Only a few pairs are needed to make profits; you cannot catch every move. A few quality setups outweigh various trades with a low risk-to-reward ratio.
2. Time to trade
Trading psychology should be factored in as well. “When are you most comfortable trading?”
Choose a trading session most suitable between the New York and London sessions (high volatility occurs in these sessions) and stick by it.
Staring at charts all day is not efficient. Fatigue and tiredness start to kick in, and sloppy mistakes are made.
Of course, they will be situations when a trade meets every criterion in your trading ideology outside your preferred session.
In a scenario like that, the trade can be taken, but the risk should be reduced.
3. Risk management
Choose a percentage of your account you can “afford” to lose and stick by it. A risk of 1% or 2% is ideal. A consistent risk is important if consistency will be achieved.

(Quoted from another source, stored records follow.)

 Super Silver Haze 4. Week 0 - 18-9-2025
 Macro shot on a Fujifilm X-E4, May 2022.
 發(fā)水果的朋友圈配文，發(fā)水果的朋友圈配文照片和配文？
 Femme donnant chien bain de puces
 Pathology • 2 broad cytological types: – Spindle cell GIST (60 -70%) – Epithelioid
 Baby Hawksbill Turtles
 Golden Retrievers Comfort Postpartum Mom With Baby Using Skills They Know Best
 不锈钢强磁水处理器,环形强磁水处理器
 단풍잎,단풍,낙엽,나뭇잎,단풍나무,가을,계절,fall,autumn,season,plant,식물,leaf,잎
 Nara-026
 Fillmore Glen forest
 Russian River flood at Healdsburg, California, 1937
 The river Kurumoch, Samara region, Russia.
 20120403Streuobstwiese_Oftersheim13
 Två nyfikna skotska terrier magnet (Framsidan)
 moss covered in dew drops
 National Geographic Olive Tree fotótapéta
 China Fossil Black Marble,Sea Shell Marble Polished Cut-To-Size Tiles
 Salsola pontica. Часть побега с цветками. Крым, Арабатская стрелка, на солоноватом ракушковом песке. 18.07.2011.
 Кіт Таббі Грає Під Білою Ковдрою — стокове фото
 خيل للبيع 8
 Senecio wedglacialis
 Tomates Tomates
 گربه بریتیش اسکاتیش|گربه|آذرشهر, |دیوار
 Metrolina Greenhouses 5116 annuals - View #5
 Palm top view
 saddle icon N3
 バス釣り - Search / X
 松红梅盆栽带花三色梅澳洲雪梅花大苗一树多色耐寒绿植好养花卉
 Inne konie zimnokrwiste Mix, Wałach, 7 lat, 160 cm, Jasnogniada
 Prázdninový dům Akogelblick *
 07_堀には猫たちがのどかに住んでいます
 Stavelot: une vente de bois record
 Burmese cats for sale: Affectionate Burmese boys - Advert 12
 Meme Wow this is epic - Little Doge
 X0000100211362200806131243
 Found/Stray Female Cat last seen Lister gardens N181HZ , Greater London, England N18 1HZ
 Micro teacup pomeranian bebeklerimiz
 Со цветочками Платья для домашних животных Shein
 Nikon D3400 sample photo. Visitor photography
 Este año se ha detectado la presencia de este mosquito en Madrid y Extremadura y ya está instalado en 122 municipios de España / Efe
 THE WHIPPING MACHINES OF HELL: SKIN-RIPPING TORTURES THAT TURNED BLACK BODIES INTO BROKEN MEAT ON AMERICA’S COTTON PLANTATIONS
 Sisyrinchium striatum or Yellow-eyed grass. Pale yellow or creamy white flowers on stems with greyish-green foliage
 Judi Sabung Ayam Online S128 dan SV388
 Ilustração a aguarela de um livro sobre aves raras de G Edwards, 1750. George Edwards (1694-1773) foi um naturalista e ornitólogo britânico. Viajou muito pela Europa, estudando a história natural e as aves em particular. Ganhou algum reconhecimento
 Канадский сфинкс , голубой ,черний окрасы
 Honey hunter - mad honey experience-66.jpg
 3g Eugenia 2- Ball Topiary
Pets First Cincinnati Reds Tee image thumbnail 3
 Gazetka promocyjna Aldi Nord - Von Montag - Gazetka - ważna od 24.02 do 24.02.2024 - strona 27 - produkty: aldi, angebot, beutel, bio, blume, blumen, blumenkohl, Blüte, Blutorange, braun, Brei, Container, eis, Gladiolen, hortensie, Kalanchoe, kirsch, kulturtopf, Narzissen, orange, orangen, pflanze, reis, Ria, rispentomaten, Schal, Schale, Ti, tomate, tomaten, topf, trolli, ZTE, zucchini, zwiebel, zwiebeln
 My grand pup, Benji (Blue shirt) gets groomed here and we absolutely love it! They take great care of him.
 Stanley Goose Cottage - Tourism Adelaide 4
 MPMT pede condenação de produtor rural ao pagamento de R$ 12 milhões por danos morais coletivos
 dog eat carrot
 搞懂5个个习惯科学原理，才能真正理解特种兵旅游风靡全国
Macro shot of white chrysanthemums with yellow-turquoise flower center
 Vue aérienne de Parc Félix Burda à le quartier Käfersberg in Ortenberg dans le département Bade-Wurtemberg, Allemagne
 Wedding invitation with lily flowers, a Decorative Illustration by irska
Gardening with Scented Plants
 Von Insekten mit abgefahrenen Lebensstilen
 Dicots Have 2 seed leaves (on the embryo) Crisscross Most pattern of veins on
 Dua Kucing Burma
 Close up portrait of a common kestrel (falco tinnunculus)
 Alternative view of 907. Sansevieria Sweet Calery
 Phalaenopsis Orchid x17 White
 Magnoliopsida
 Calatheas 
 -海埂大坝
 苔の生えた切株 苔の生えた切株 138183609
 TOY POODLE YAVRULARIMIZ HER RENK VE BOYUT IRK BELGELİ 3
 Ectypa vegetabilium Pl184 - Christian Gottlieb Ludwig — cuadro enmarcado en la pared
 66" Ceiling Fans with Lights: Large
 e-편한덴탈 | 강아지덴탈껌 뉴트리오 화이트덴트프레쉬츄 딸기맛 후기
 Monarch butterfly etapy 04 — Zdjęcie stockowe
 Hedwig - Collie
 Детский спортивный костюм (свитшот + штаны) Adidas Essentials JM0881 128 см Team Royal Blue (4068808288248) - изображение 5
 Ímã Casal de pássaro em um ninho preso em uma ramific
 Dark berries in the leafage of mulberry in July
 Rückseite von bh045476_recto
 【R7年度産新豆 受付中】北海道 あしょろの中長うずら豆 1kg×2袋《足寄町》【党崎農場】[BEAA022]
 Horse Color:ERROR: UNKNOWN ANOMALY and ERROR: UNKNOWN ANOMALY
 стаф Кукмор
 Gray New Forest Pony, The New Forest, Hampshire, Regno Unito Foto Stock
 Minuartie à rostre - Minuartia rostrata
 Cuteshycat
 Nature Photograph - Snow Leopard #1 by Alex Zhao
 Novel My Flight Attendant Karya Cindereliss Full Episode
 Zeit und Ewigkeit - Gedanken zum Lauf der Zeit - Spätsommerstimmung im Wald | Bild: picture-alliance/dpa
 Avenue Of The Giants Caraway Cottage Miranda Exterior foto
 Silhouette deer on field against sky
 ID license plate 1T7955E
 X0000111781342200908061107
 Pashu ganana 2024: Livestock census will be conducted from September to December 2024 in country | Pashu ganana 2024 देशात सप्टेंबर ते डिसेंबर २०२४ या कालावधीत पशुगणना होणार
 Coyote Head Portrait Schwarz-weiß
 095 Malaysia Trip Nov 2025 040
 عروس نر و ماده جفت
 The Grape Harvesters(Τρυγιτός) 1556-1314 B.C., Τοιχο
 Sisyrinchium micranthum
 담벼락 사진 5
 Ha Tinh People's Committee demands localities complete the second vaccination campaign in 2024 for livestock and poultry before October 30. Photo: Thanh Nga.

For instance, two consecutive losses were taken. On the third trade, a take profit of 1:5 was hit.
A forex trader that risked the same percentage covered up his losses and made more to top it off.
While a trader who over-leveraged on his first two losses but reduced his lot size due to fear didn’t even cover up for his loss.
It is so important to have a standard risk in your trading plan. It improves returns and trading psychology as a whole.
4. Exit conditions
At what levels will the profit be taken or broken even? This is very important as well.
For instance, price action traders will include a previous low, previous high, and areas of large liquidity as a profit target in their trading plan.
Profit will be taken before the target is reached when order flow is not maintained.
Stop-loss placements are also considered. A stop-loss will be placed at the point that regards your bias or entry invalid.
Once a loss is taken, take it on your chin and learn from it and adjust your trading plan to avoid a re-occurrence.
Also, when three losses in a row are taken, step away from the charts to reflect and clear your head. Revenge trading to make up your losses will only result in more losses.
Summary: Forex Trading Plan
The first step to fully realizing the true potential of a trading plan is iteration. Iteration is the repetition of processes to generate a sequence of outcomes.
In forex, iterating is backtesting. There is absolutely no rush to go “live.” Confidence in your trading concepts and, most importantly, yourself has to be attained first.
Stick to the demo for as long as possible until you have flipped accounts multiple times and developed a trading plan.
Understand your trading concepts in and out, and learn to transition from hindsight (breaking down previous market plays) to foresight (forecasting market movements).
One word; adapt. The forex market brings forth complex situations all year round. Refine your trading concepts to match the markets, and of course, your trading plan is adjusted as well.